First up was Edward Boyden of the Massachusetts Institute of Technology who told us of his team’s work on the development of genetically encoded reagents that, when targeted to specific cells, enable their physiology to be controlled via light. These optogenetic tools enable temporally precise control of neural electrical activity, cellular signalling, and other high-speed physiological processes using light. Using such tools to control and monitor the activities of individual neurons in living tissues allows us to precisely measure the effects of these manipulations in real time, bringing us closer to decoding exactly how the brain works. Furthermore they may be capable of serving therapeutic purposes for improving the health of human patients - enabling the restoration of lost senses, the control of aberrant or pathological neural dynamics, and the augmentation of neural circuit computation, through prosthetic means.

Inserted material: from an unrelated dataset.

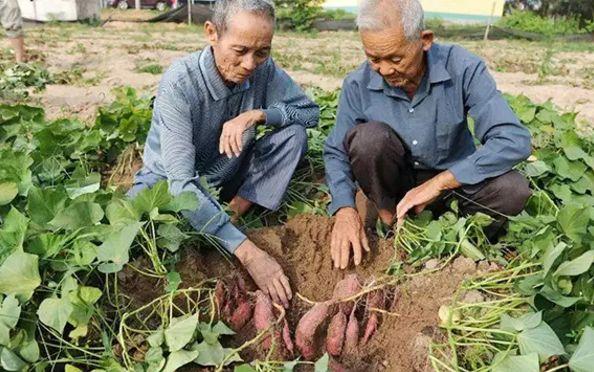 富硒地瓜有点苦(苦地瓜能吃吗)-硒宝网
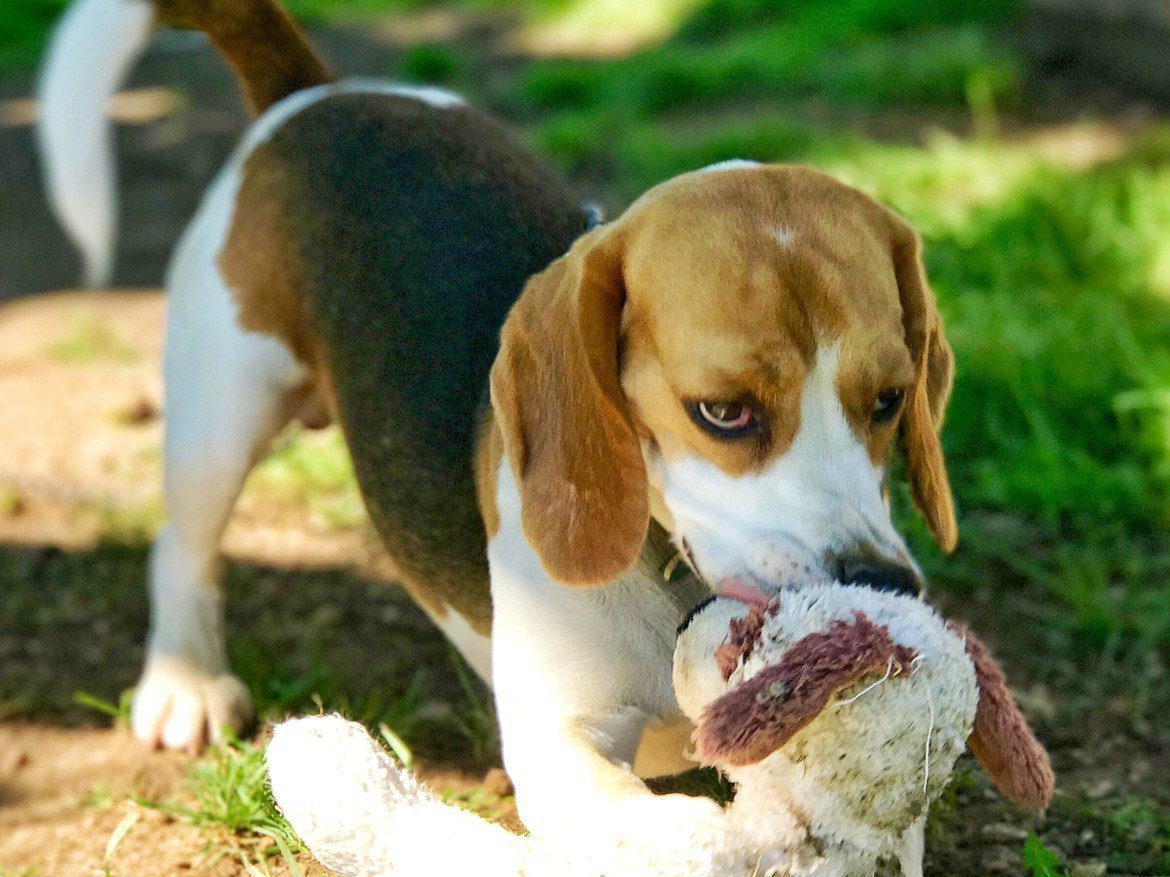 Rae Lynn Mercer Puppies Animal Kingdom Arizona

Next up was Grégoire Courtine of the Ecole Polytechnique Fédérale de Lausanne, who showed us that his team has discovered how to control the limbs of a completely paralysed rat in real time to help it walk again. Electrical stimulation of the nervous system is known to help relieve neurological disorders at many levels – deep brain stimulation is used to treat tremors related to Parkinson’s disease. In Courtine’s lab, researchers studied rats whose spinal cords were completely severed so that no signals from the brain were able to reach the lower spinal cord. Here, they implanted flexible electrodes and sent electric currents through them to stimulate the spinal cord. Based on the direct relationship between the frequency of the electrical stimulation and the height at which the rat lifted its limbs, they were able to specifically design the electrical stimulation to adapt to the rat’s stride in anticipation of upcoming obstacles, such as barriers and stairs. Courtine and his colleagues are continuing their work and hope that one day their work could lead to more general therapy that could be implemented in rehabilitation programmes for people with spinal cord injuries and neuromotor impairments.

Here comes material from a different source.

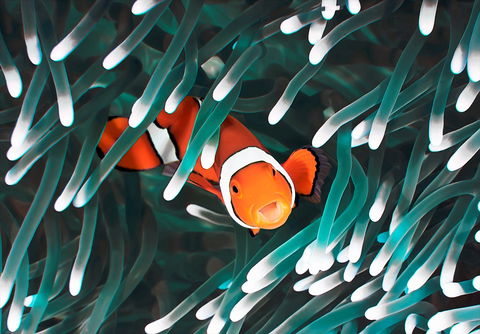 Great Barrier Reef Masters Games - Dalby Accommodation 1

Last but not least was Miguel Nicolelis of Duke University and the Natal Institute, whose recent work in the field of neuroprosthetics made an appearance at the 2014 FIFA World Cup in Brazil. Nicolelis and his team helped to create a mind-controlled robotic exoskeleton that allowed a quadriplegic child to deliver the kickoff in the opening ceremony. By focusing on ways to read people's brain waves the team were able to create an exoskeleton and use those signals to control the skeleton’s robotic limbs. To operate the exoskeleton, the person is helped into the suit and given a cap to wear that is fitted with electrodes to pick up their brain waves. These signals are passed to a computer where they are decoded and used to move the suit. Nicolelis hopes that eventually suits like this will be able to replace wheelchairs.

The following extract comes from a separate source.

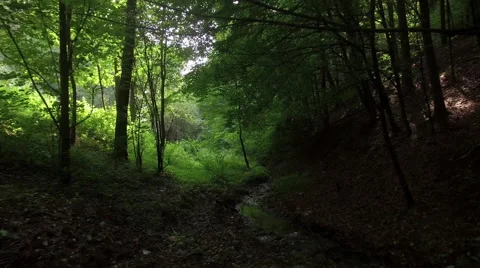 A slow flight through a wild forrest 001 Video stock 63781061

After three brilliant presentations I couldn’t help but wonder about the title of the session, ‘Brain enhancement and repair technologies’. Sure, ‘repair technologies’ defines each of the devices that the researchers showcased but in my mind and since the onset of the NERRI project, I’ve been used to thinking about ‘enhancement’ in terms of enhancing brain processes in healthy persons. When the chair asked each of the panel members about this, their responses seemed to be that we should be focusing on developing and using enhancement technologies for therapies, rather than purely for enhancement. I’m quite sure that no one would deny that therapies should be prioritised over developing technologies for use by healthy individuals but considering that most enhancing technologies arise from therapeutic work, it is necessary to consider society’s position with regards to this notion and this is why the NERRI project is so important.